Le cobra à lunettes, de nouveau aperçu ce jeudi 14 mai après un premier signalement mardi à Castelginest, suscite une vive inquiétude. Philippe Gillet, expert autodidacte avec soixante ans d’expérience dans la manipulation d’espèces venimeuses et figure influente sur les réseaux sociaux, a analysé le cliché du serpent. Pour La Dépêche du Midi, il livre son expertise sur les risques de morsure, les capacités d’adaptation de ce reptile et les dangers d’une potentielle reproduction en milieu naturel.
Vous avez analysé la photo transmise par les gendarmes. Est-ce bien un cobra à lunettes ?
C’est un Naja naja, un cobra à lunettes, il n’y a pas à tortiller. Quand vous voyez des voitures, si je vous demande où est la deux-chevaux, vous la trouvez tout de suite. Pour moi, c’est pareil avec les serpents. Là, j’ai bien vu qu’il est dressé, et il a les deux points distinctifs qu’on voit bien.
Est-ce dangereux pour les habitants ?
Ça ne va pas sauter sur les gens, ce n’est pas un ressort, le cobra se cache. Ces animaux fuient lorsque les humains tendent à les agresser. Maintenant, une morsure de cobra, ça peut être une amputation du doigt, de la main, du bras voire la mort. Si vous le voyez, vous ne l’approchez pas.
Comment agir pour le retrouver ?
Il suffit de savoir où il a été vu pour la dernière fois. Le soir, il sort prendre les derniers rayons du soleil. La journée, il cherche la chaleur sous de vieilles tôles. Là où il y a des cochonneries, il y a des rats, et là où il y a des rats, il y a des serpents. Lui, avec sa langue bifide, il va pister les souris et aller les manger dans leur trou. Et comme c’est un animal qui a vécu en terrarium, il ne va pas courir loin.
Peut-on le piéger ?
On ne peut pas vraiment le piéger. S’il rentre dans une cage, il ressort. Le mieux, c’est d’aller le chasser à la main. Quand on doit faire ça, on l’embête pour qu’il se dresse, puis on met son doigt sur sa tête, et on peut le ramasser. On a l’habitude.
Peut-il s’installer durablement dans la région, comme une espèce invasive ?

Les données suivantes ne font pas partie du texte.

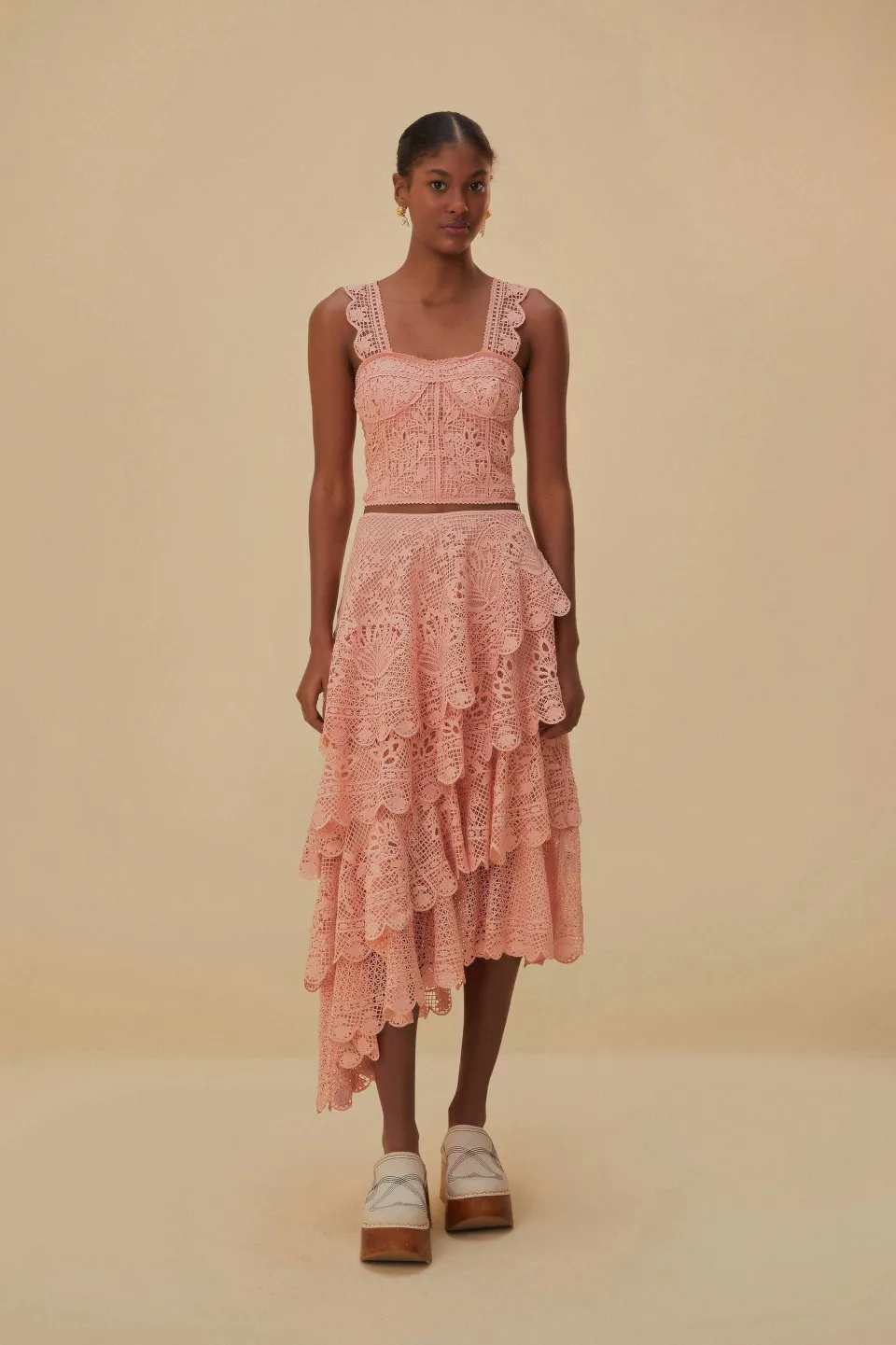 FARM Rio Hauts Courts<Top court sans manches en guipure rose clair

Il pourrait. Vous avez des cobras au Maroc, par exemple. En hiver, il fait très froid là-bas, qu’est-ce qu’ils font ? Ils rentrent dans des trous, ils hibernent. Ils peuvent rester six mois sans manger, ça ne les dérange pas. Le problème, c’est la saison des reproductions. Si c’est une femelle et qu’elle pond, c’est un peu moyen. Il y aura les petits cobras. C’est une nouvelle espèce invasive, comme les tortues de Floride ou les ragondins, mais les cobras, c’est encore plus problématique.
Le réchauffement climatique ne risque-t-il pas d’aggraver les choses ?
Le cobra peut s’adapter. On a à peu près le même climat qu’au Maroc, et ils sont capables d’hiberner. Ils vont se mettre au chaud, sous les vieilles tôles. Ce sont des animaux qui peuvent s’installer. Et les bébés cobras ont un venin sept fois plus actif que les adultes, plus concentré, donc très efficace.
D’où vient-il ? Aurait-il pu arriver par inadvertance ?
Il ne vient sûrement pas d’un zoo. Dans les élevages, les animaux sont pucés, on retrouverait le propriétaire. Là, c’est volontaire. En Allemagne, aux Pays-Bas, en Belgique, des salons sont organisés quatre fois par an, dans lesquels des cobras sont vendus librement. En France, les règles sont différentes et plus strictes, il faut être capacitaire. Mais un Français peut acheter un cobra à l’étranger, et revenir avec sans jamais le pucer. S’il s’échappe, le propriétaire ne dira probablement rien de peur d’avoir des ennuis. Si c’est le cas ici, on ne le saura jamais.
Seriez-vous prêt à intervenir si la mairie vous contacte ?
Si le maire de Castelginest, Grégoire Carneiro, me contacte, bien sûr, on se déplacera, on ira. Mais ce n’est pas à moi de le contacter : c’est une question de responsabilité. S’il y a un accident, on est responsables. Ce n’est pas la peine de tuer ces animaux, il n’y en a déjà pas beaucoup sur la planète. La mairie peut solliciter des spécialistes pour le rechercher. Ce n’est pas la première fois qu’on nous appelle.